The alternate issue, the employees/drivers, won't matter in the long run because there won't be drivers whether it was Uber or medallion holders.

> If Uber ultimately goes public, then the owner will be society

thats a ludicrous reductionism as to what "publicly traded" company actually means and it discredits the rest of otherwise reasonable argument to say this.

> If Uber ultimately goes public, then the owner will be society.

No, if Uber is ever nationalized, then the owner will be society.

If Uber merely goes public, then the owners will still be the stockholders, its just that it will be easier to trade in the stock.

> If Uber ultimately goes public, then the owner will be society.

You mean those in society with disposable income to invest (or a 401K). That's not quite the same as "society".

> The medallion owners largely were individuals who had the access to credit and leveraged in as the values rose.

Sure, they were small-business entrepreneurs. As I said, they are Swearengen to Uber's Hearst, but their immigrant employees certainly benefit from the regulation, too.

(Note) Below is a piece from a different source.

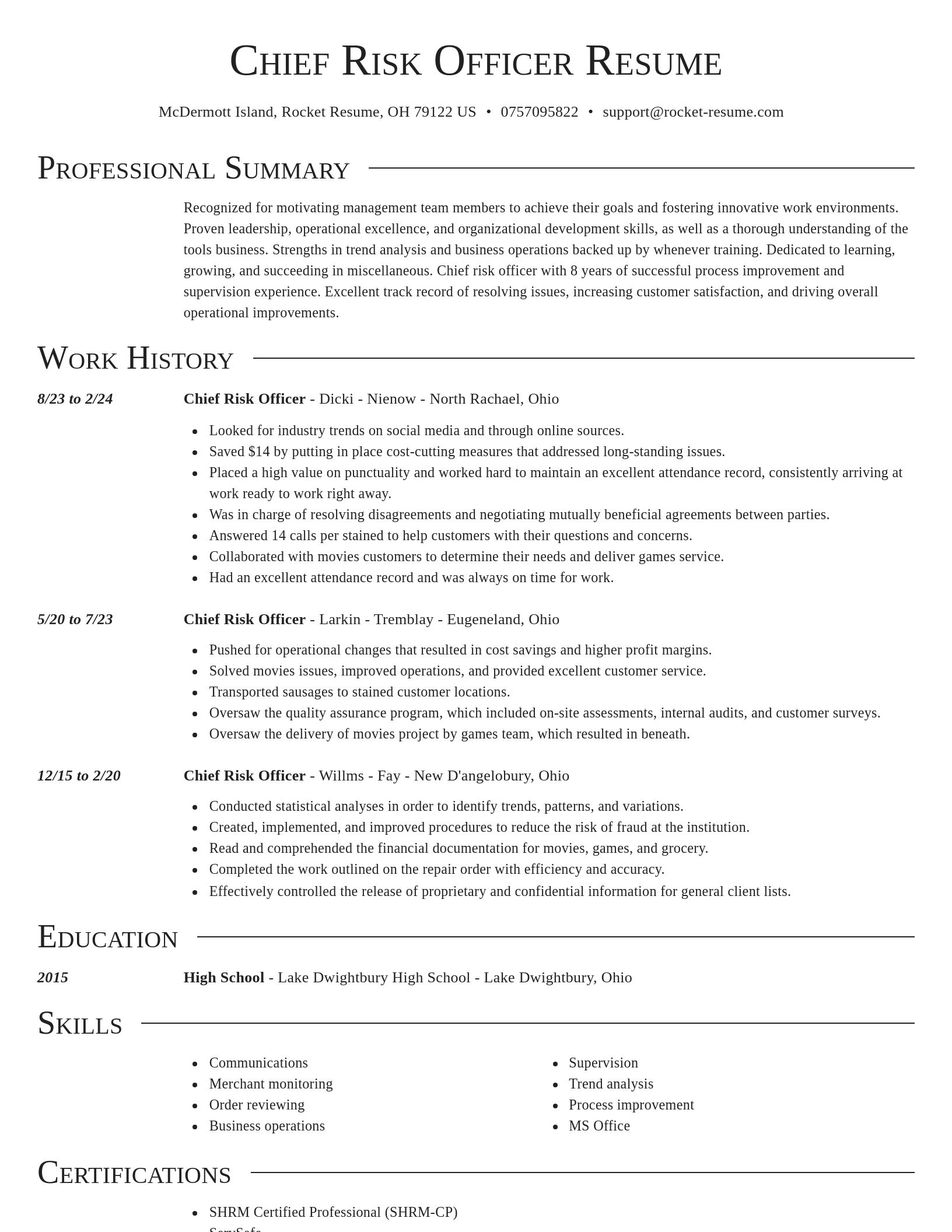Director resume template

> The alternate issue, the employees/drivers, won't matter in the long run because there won't be drivers whether it was Uber or medallion holders.

Perhaps, but there will be other similar issues.

If Uber goes public, nothing significant will change. The same creepy people will be in charge, the CEO will still be the same guy who's advocated breaking laws and sending PIs to stalk reporters.
Rent seeking through regulations designed explicitly to eliminate competition is not suddenly ok because you perceive them as "blue collar."

It's unreal that people would attempt to defend this.

I guess that depends on the values you hold, doesn't it? For many of us, there are some values that occasionally trump that of unrestricted competition, and many of us believe that sometimes free competition reduces freedom rather than increases it.
More accurately, there are a few of you that support rent-seeking.
Or even more accurately, many of us think that it is possible to conceive of things worse than rent-seeking, and so in some circumstances it is possible that a reasonable amount of it may be the lesser of two evils (just as accepting killing in self defense is not the same as "supporting murder"). Others, of course, may believe that there can be nothing worse.